#### Task to complete:
Go through the listing below and write out exactly the lines from the one that mentions "midget wrestling midget" through the one that mentions "Berger Picard Painting", minus the pictures.

#### Provided entries:
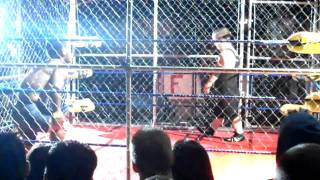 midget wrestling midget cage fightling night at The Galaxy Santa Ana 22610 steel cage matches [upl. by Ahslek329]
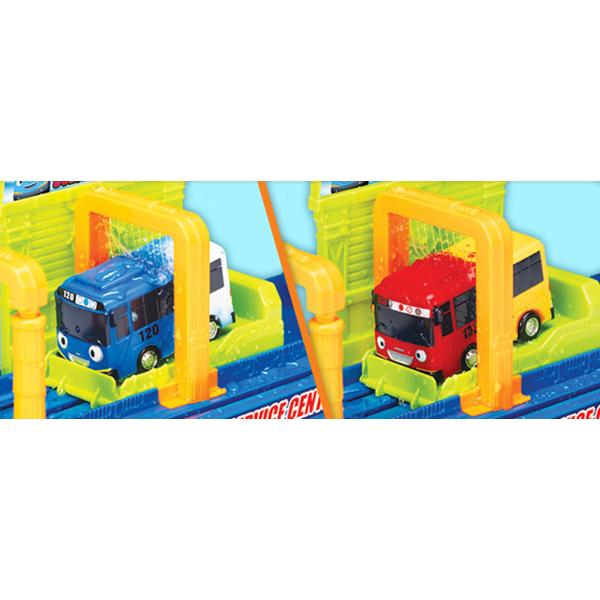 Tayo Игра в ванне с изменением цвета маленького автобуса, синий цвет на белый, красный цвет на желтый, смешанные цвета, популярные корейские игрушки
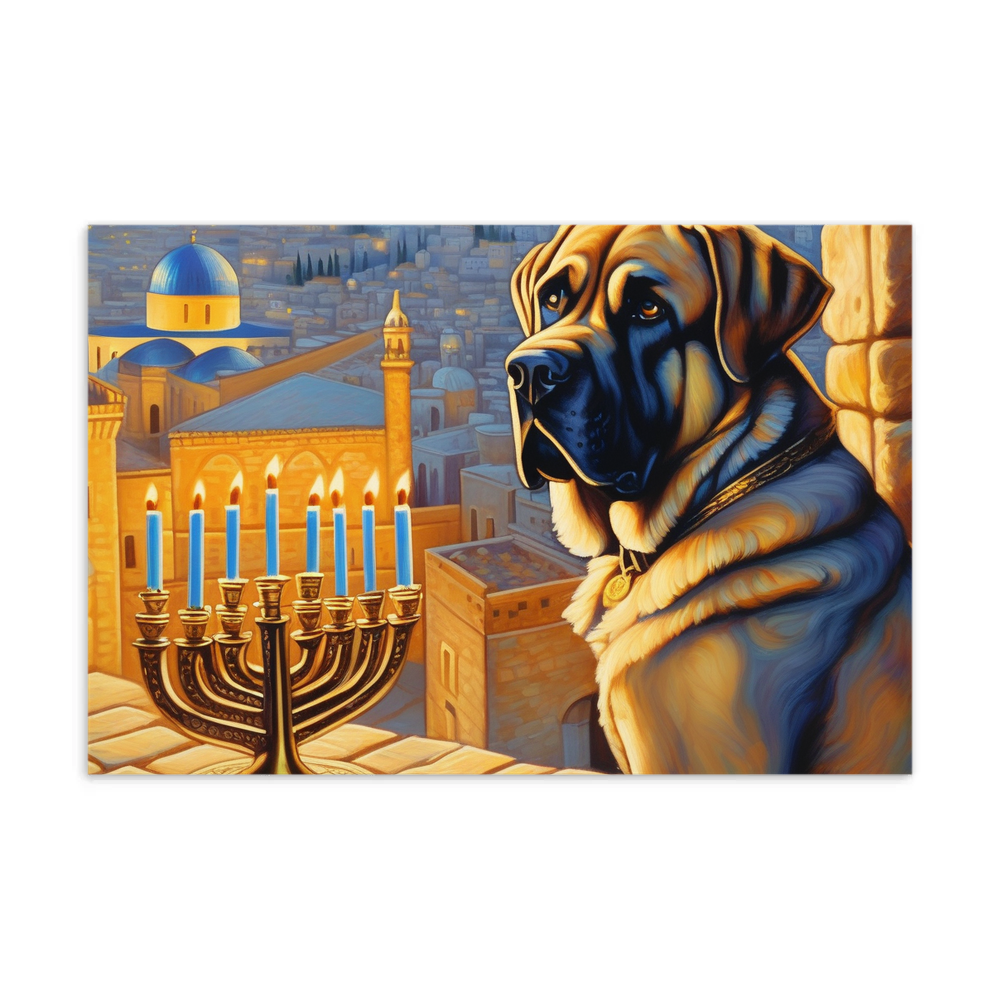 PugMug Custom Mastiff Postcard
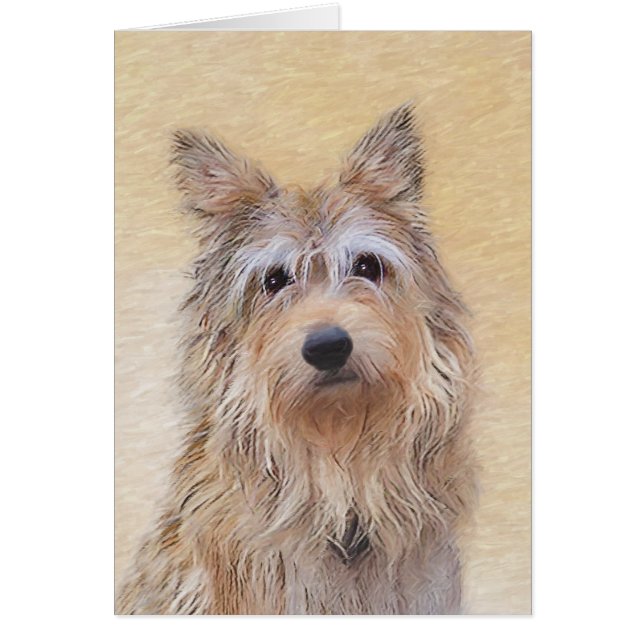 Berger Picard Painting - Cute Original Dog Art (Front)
* * *
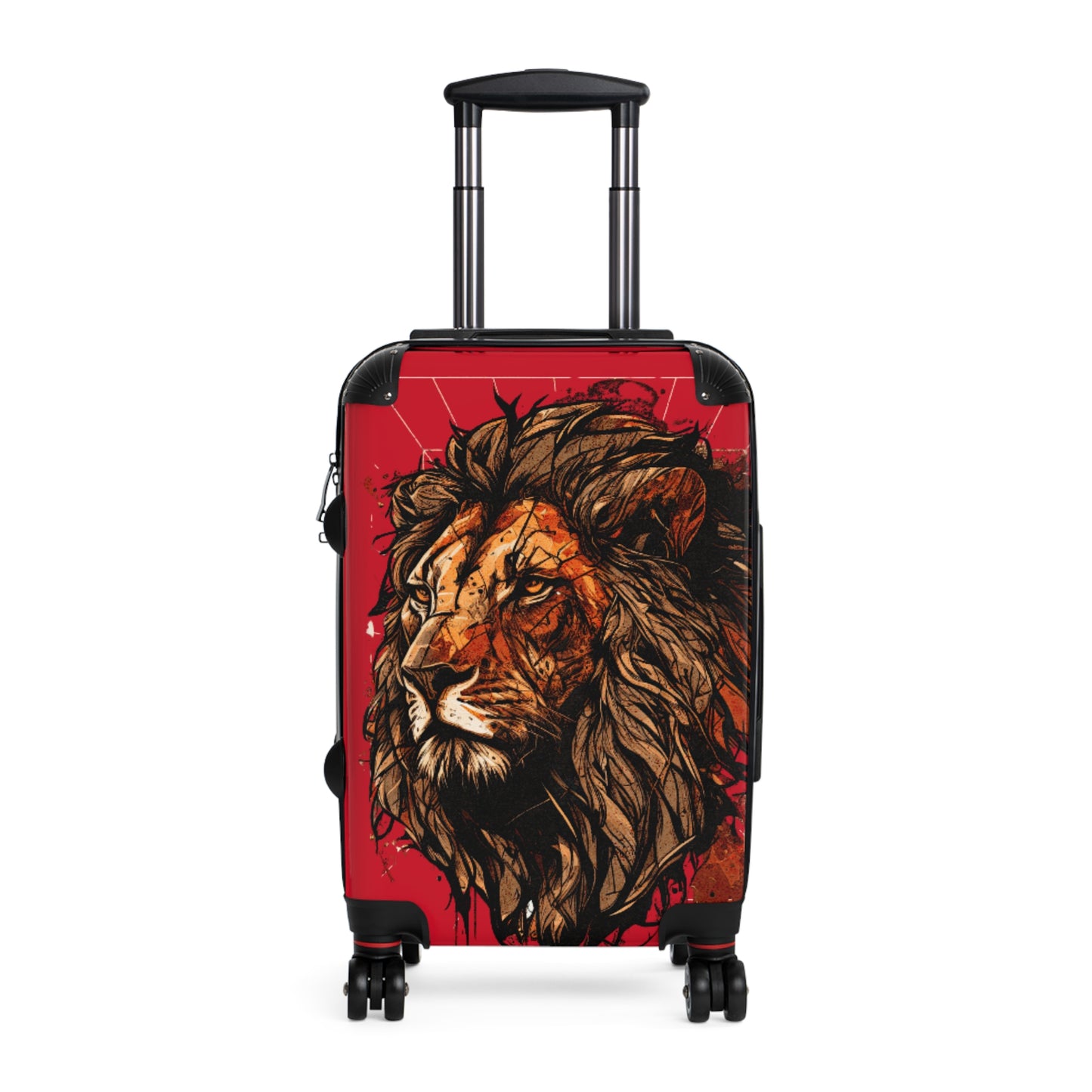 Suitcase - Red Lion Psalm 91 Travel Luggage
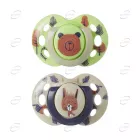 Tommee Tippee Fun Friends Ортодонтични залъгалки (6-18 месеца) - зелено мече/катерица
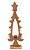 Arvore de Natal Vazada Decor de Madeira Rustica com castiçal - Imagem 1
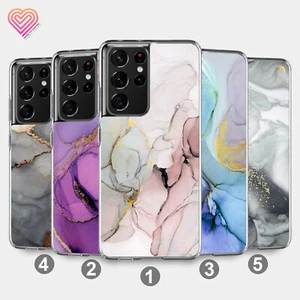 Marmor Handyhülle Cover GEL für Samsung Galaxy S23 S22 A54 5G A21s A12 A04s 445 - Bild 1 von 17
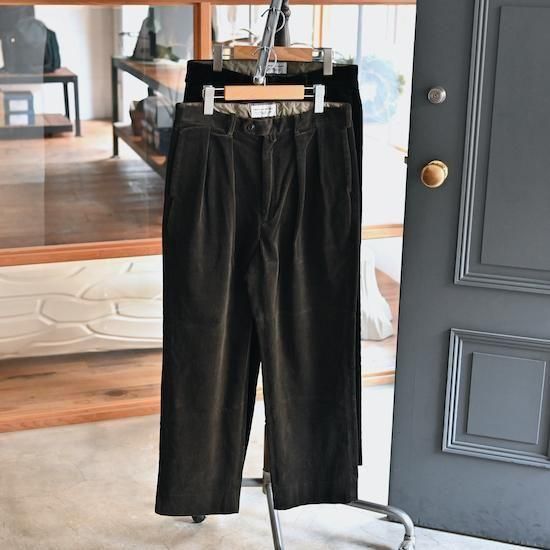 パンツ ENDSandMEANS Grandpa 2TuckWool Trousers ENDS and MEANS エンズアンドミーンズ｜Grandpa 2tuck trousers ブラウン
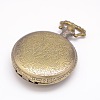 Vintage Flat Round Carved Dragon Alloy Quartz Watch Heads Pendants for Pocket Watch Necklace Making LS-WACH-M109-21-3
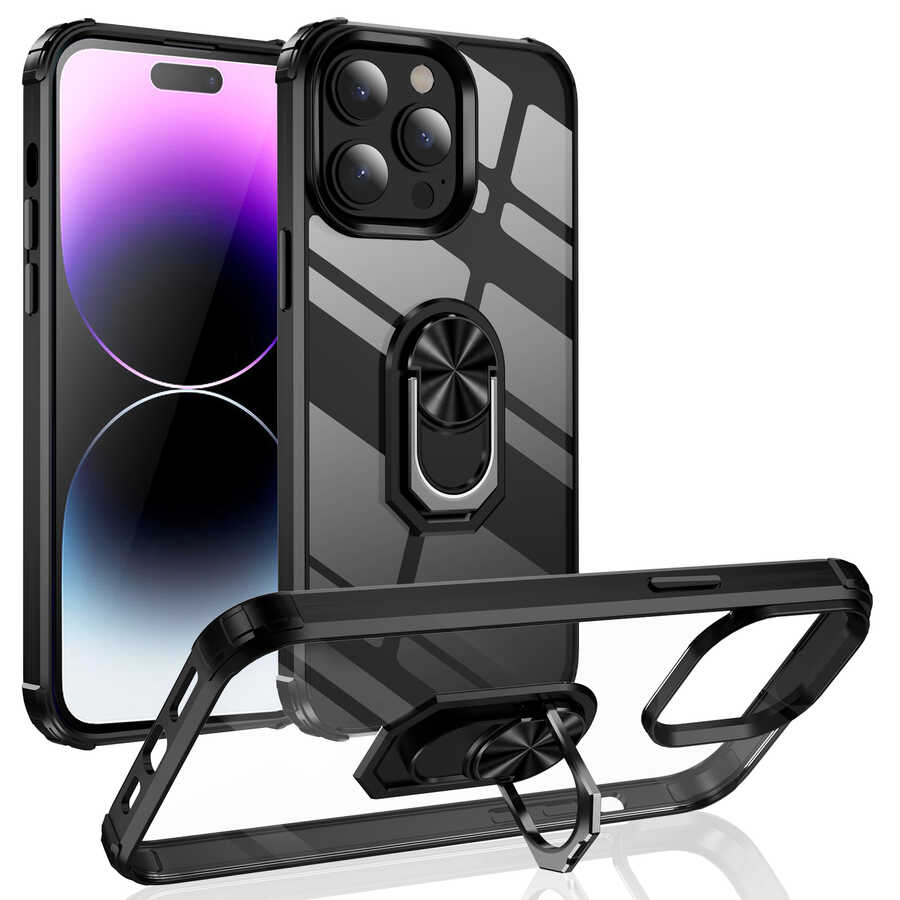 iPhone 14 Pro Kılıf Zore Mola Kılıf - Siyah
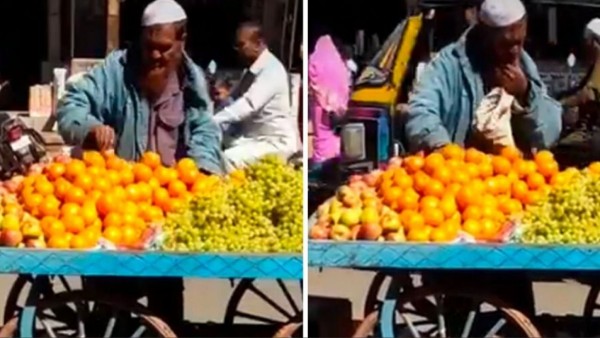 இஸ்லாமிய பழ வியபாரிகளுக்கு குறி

#### Output of the task:
 midget wrestling midget cage fightling night at The Galaxy Santa Ana 22610 steel cage matches [upl. by Ahslek329]
 Tayo Игра в ванне с изменением цвета маленького автобуса, синий цвет на белый, красный цвет на желтый, смешанные цвета, популярные корейские игрушки
 PugMug Custom Mastiff Postcard
 Berger Picard Painting - Cute Original Dog Art (Front)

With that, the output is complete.